Arte e cultura no rol das mudanças econômicas



Adailtom Alves Teixeira[1]

A virada do milênio foi uma virada de hambúrgueres para software. Software é uma ideia, hambúrguer é uma vaca. Ainda haverá fabricantes de hambúrgueres no século XXI, é claro. O poder, o prestígio e dinheiro, entretanto, fluirão para as empresas que detêm o indispensável capital intelectual.
P. Coy, Business Week, agosto de 2000.

O capitalismo vive em crise e, como ainda não conseguimos acabar com ele, vive se reinventando. Quanto à cultura, a mesma vem sendo ponta de lança de práticas que apenas favorecem esse modo de produção. Chin-Tao Wu, em Privatizações da cultura, já analisou como a política neoliberal chegou ao campo das artes. Hoje, cada vez mais, ideias são mais rentáveis do que os produtos materiais. Uma peça de máquina, um automóvel, é preciso ser produzida para se vender; já uma ideia, ao ser criada, pode ser vendida indefinidamente, gerando muito lucro para os detentores dos seus direitos. E não são sempre as grandes empresas as maiores detentoras dos direitos autorais?
É nesse campo que se coloca a economia criativa. E as últimas ações d@s ministr@s da Cultura para expandir cada vez mais esse “universo cultural” são um pequeno retrato do que devem esperar todos e todas que lidam com arte e cultura em nosso país.
A ideia de uma economia criativa, até onde se apurou, começou na Austrália, com a perspectiva de nação criativa, depois migrou para o Reino Unido, sob a batuta de Tony Blair, continuador da política de Margareth Thatcher. E se os mercados ditam as regras, claro que o Brasil não poderia ficar de fora. A Secretaria de Economia Criativa foi implantada em janeiro de 2011, logo no início do primeiro governo Dilma, deixando claro como a cultura deveria ser tratada: como negócio.  A Secretaria é voltada para pensar e auxiliar na construção de produtos e serviços de dimensões simbólicas.
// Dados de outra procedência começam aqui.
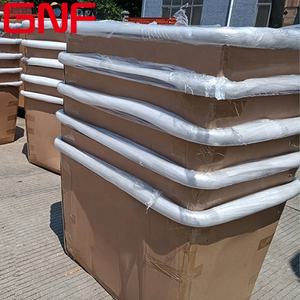 Troli Plastik GNF Heavy Duty untuk <span class=keywords><strong>Linen</strong></span>, Troli Laundry, Troli Kebersihan, Troli Kapasitas Besar, Troli Berat - Product Image 6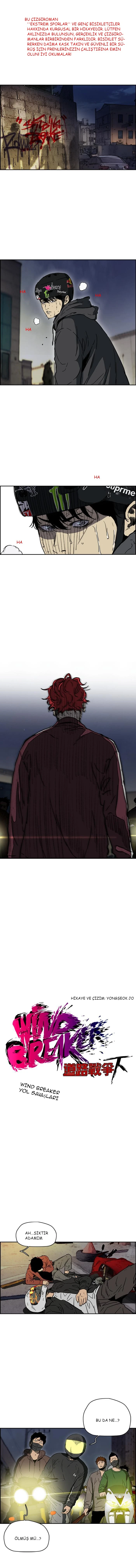 Read Wind Breaker TR Manga Online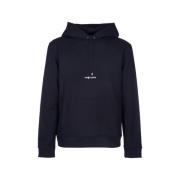 Saint Laurent Stilren Sweatshirt för Män Black, Herr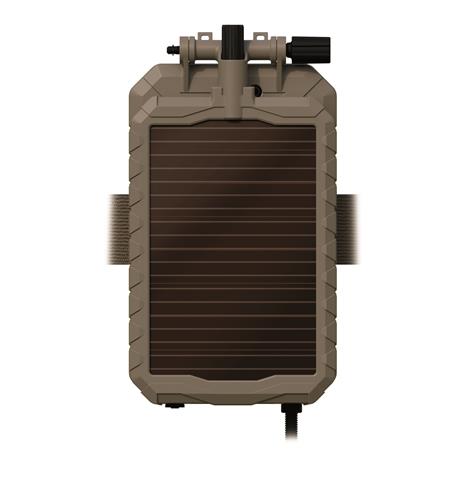 STC-SOLP5X 5000mAH 12v Solar Battery Pack - Image 3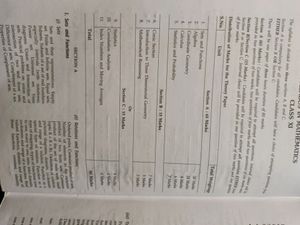 ISC MATHEMATICS |ML AGGARWAL| CLASS 11th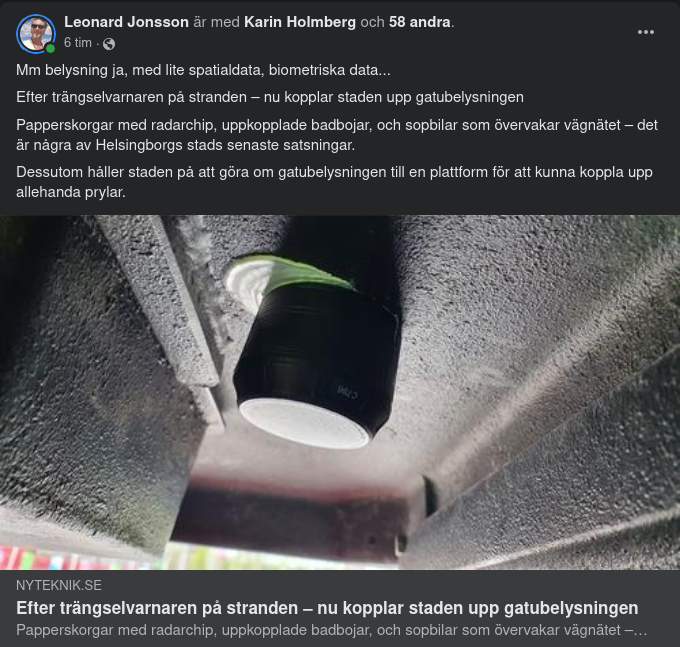 Uppkopplat Helsingborg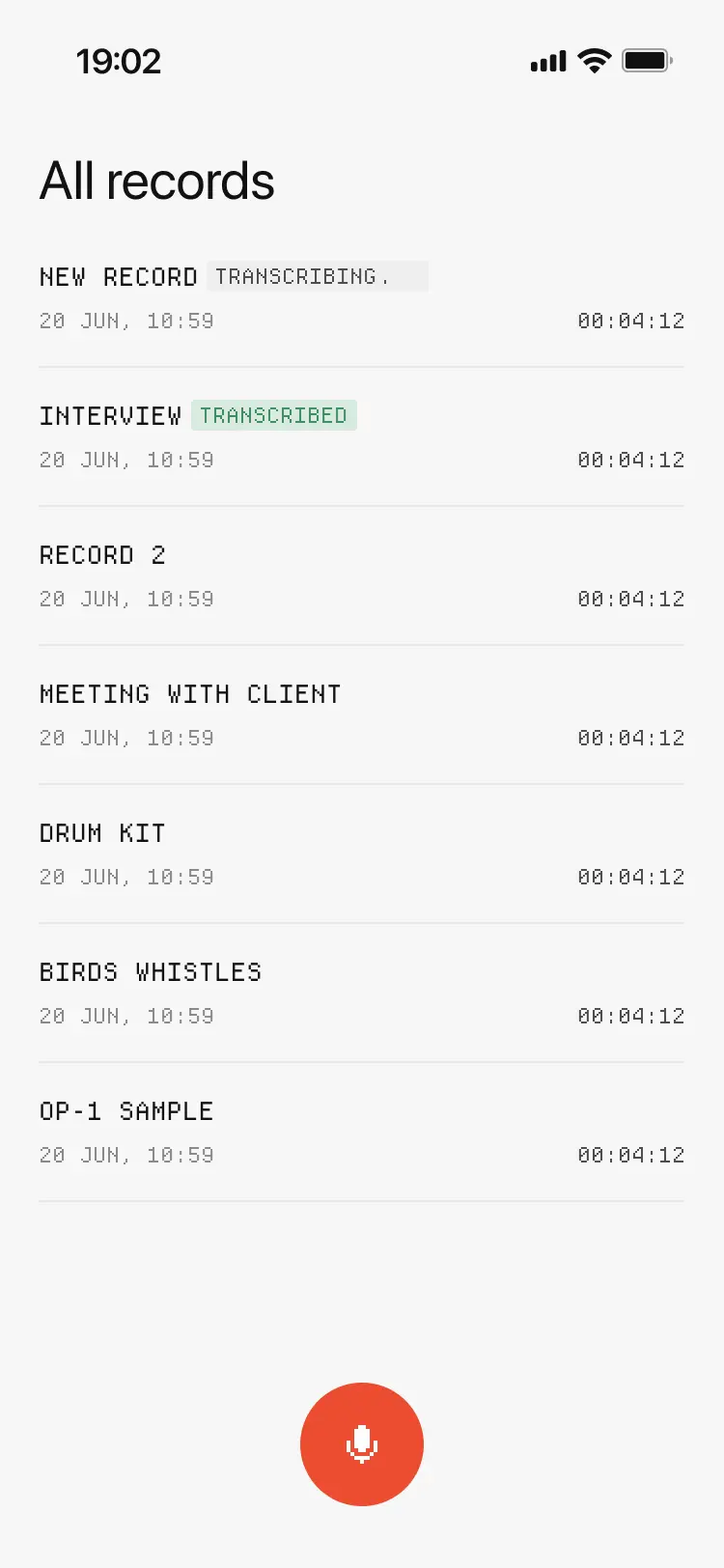 Dictantor — screenshot 3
Se a indústria da moda, que sempre vampirizou as criações artísticas, é um desses campos, foi o que se perguntaram muitos brasileiros à época da ministra Marta Suplicy.
Em dezembro de 2011 a ex-Secretária de Economia Criativa, Claudia Leitão, em artigo publicado no Jornal Brasil Econômico, afirmou ser difícil conceituar o que seja economia criativa, no entanto, não deixava dúvidas: “mas nós sabemos onde ela está”. E frisava a necessidade de linhas de crédito para fomentar os empreendimentos criativos, pois a criatividade precisa virar inovação, para que esta se torne riqueza - muito embora o artigo não deixasse claro para quem iria a riqueza gerada por tais empreendimentos. Leitão já não está mais na Secretaria, mas as ações do Ministério parecem deixar claro quais devem ser os rumos do que entendem por economia criativa e quais os mecanismos para isso. Para se ter uma ideia, a tônica da política cultural brasileira ainda são as leis de renúncia fiscal, sendo a Lei Rouanet o modelo único. O governo petista, de Lula a Dilma, não fez nenhum enfrentamento a esse mecanismo. Ao contrário, mais que quintuplicou os valores no período de suas gestões, e a renúncia fiscal já passa de 1,2 bilhão.
Os dados dessa política absurda são contundentes. Eliane Parmezani, já em 2012, na edição de outubro da Revista Caros Amigos, afirmou que “por meio de renúncia fiscal, foram disponibilizados 12 bilhões de reais nesses 20 anos de lei Rouanet. Contudo, 50% dos recursos estão concentrados em cerca de 100 captadores. A outra metade fica com 20% deles. E os outros 80% dos proponentes não captam nada. Mais: apenas 5% dos projetos aprovados na lei Rouanet são realizados”. Os dados do próprio Ministério da Cultura não deixam dúvidas da perversidade desse mecanismo: a região Norte inteira capta menos de 1%. Além disso, de cada dez reais de todos os recursos, nove é dinheiro do Estado. Portanto, existe aí um feudo cultural financiado com dinheiro público. Mas não vemos nenhum enfrentamento por parte do governo federal em relação a essa política.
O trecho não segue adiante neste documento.